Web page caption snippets
----

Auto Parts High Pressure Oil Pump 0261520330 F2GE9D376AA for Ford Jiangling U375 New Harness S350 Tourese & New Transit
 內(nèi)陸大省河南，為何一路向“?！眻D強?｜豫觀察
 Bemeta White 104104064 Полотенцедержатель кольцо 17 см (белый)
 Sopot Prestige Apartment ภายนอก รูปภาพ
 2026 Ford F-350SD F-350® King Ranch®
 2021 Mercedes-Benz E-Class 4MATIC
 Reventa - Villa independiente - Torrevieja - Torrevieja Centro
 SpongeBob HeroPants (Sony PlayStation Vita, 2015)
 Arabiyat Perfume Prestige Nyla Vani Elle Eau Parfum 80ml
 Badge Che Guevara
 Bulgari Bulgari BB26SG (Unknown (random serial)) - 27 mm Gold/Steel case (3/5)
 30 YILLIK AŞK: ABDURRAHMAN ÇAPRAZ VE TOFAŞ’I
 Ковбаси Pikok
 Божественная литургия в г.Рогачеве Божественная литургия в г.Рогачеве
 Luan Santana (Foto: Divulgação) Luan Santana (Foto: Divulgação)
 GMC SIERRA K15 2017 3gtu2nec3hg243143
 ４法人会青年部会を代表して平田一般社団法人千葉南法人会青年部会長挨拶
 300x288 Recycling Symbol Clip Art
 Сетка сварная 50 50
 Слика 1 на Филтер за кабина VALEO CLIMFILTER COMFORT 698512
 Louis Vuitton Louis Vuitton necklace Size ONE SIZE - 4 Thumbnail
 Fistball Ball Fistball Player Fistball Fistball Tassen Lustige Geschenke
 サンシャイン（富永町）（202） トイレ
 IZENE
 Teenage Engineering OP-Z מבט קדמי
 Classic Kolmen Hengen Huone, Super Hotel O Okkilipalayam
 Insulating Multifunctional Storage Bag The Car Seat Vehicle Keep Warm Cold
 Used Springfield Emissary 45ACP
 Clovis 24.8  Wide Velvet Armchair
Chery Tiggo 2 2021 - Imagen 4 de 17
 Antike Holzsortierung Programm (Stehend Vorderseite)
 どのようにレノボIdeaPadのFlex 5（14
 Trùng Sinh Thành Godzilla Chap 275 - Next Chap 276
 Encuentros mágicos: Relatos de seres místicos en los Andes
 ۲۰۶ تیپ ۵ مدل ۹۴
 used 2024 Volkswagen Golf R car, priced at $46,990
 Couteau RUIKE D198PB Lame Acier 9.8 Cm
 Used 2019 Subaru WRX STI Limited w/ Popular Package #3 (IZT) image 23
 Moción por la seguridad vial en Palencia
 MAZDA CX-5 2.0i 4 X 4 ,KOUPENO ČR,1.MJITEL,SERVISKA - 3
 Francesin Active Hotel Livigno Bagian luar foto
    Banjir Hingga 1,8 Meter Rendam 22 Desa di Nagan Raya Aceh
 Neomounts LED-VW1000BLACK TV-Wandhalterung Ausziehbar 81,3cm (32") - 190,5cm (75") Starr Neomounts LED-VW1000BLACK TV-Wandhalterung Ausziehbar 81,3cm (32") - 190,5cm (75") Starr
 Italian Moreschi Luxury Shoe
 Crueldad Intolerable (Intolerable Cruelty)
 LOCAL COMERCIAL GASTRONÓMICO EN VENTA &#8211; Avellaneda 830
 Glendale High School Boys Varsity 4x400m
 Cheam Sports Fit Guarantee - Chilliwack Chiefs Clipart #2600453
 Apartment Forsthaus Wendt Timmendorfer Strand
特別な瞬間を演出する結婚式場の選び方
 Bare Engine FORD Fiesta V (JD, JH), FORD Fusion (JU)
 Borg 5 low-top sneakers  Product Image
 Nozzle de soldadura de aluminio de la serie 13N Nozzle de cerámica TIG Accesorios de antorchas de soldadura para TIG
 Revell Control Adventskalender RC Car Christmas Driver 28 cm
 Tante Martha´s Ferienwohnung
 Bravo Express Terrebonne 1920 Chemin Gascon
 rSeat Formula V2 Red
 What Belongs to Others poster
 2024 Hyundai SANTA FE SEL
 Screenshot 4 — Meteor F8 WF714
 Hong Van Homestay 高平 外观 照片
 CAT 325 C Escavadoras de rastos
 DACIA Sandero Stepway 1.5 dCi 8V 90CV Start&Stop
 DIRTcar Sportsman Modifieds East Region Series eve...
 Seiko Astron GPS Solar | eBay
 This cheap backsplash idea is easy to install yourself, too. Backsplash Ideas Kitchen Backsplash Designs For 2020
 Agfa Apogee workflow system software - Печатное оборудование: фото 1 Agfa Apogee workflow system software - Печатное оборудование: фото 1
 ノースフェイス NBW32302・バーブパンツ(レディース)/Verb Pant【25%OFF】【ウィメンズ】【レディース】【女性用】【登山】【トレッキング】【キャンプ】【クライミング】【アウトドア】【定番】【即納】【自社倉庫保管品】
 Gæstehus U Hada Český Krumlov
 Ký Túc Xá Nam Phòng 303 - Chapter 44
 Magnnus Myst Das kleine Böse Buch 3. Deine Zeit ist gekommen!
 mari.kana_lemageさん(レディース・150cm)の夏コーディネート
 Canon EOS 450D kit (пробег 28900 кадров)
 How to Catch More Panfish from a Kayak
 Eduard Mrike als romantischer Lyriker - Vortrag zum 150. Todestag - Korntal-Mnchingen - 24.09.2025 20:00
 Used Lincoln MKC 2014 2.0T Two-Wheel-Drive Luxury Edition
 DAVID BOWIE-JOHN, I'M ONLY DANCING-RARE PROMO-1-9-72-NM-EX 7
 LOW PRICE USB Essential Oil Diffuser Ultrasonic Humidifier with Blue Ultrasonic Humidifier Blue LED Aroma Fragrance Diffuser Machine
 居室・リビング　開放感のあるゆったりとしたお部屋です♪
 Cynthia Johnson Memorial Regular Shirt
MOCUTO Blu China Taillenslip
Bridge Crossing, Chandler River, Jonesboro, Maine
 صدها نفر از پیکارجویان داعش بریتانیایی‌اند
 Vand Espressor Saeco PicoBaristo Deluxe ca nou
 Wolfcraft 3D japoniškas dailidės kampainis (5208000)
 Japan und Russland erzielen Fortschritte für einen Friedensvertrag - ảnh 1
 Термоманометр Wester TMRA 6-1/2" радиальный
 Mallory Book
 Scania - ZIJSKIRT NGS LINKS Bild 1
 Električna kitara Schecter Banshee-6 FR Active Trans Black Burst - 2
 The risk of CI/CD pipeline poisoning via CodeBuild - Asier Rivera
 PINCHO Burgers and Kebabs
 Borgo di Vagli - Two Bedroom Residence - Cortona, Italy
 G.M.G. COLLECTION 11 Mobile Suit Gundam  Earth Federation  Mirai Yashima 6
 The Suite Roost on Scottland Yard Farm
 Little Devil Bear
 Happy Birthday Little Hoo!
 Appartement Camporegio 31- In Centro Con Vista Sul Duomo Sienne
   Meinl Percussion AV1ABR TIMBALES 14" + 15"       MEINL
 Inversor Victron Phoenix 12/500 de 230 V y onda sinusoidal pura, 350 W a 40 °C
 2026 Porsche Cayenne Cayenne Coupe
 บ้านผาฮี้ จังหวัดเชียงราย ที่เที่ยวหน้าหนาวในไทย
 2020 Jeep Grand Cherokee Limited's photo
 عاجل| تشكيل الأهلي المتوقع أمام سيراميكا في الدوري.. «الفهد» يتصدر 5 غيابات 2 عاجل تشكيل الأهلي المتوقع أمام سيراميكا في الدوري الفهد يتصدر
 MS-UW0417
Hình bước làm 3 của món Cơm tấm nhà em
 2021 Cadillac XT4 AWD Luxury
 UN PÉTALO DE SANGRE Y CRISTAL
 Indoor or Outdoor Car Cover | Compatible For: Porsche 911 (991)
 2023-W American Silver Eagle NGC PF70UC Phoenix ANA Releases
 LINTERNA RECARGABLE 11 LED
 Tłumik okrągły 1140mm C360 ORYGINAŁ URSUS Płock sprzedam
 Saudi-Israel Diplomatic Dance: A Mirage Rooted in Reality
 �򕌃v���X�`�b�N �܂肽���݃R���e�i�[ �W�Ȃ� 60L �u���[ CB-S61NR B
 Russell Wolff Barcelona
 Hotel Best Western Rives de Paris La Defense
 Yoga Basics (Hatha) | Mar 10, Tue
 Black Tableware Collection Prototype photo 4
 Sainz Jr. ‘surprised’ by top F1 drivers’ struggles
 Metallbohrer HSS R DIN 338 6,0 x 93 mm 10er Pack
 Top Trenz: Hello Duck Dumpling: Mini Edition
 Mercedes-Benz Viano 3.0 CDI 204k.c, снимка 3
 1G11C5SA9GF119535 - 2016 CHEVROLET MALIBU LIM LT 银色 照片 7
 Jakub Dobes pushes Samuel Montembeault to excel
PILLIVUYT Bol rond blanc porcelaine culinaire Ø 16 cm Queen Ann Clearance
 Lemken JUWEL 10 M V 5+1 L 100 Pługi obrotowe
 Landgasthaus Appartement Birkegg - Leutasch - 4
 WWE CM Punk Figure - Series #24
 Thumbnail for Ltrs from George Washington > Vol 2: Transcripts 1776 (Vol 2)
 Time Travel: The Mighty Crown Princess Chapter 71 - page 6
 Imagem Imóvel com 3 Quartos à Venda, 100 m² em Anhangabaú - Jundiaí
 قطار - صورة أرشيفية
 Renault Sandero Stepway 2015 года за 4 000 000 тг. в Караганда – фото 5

----

### TO DO
Using the records above, restate word for word the lines from the one with "Moción por la seguridad vial en Palencia" through the one with "Starr Neomounts LED-VW1000BLACK", both included.

### ANSWER TO THIS PROBLEM
 Moción por la seguridad vial en Palencia
 MAZDA CX-5 2.0i 4 X 4 ,KOUPENO ČR,1.MJITEL,SERVISKA - 3
 Francesin Active Hotel Livigno Bagian luar foto
    Banjir Hingga 1,8 Meter Rendam 22 Desa di Nagan Raya Aceh
 Neomounts LED-VW1000BLACK TV-Wandhalterung Ausziehbar 81,3cm (32") - 190,5cm (75") Starr Neomounts LED-VW1000BLACK TV-Wandhalterung Ausziehbar 81,3cm (32") - 190,5cm (75") Starr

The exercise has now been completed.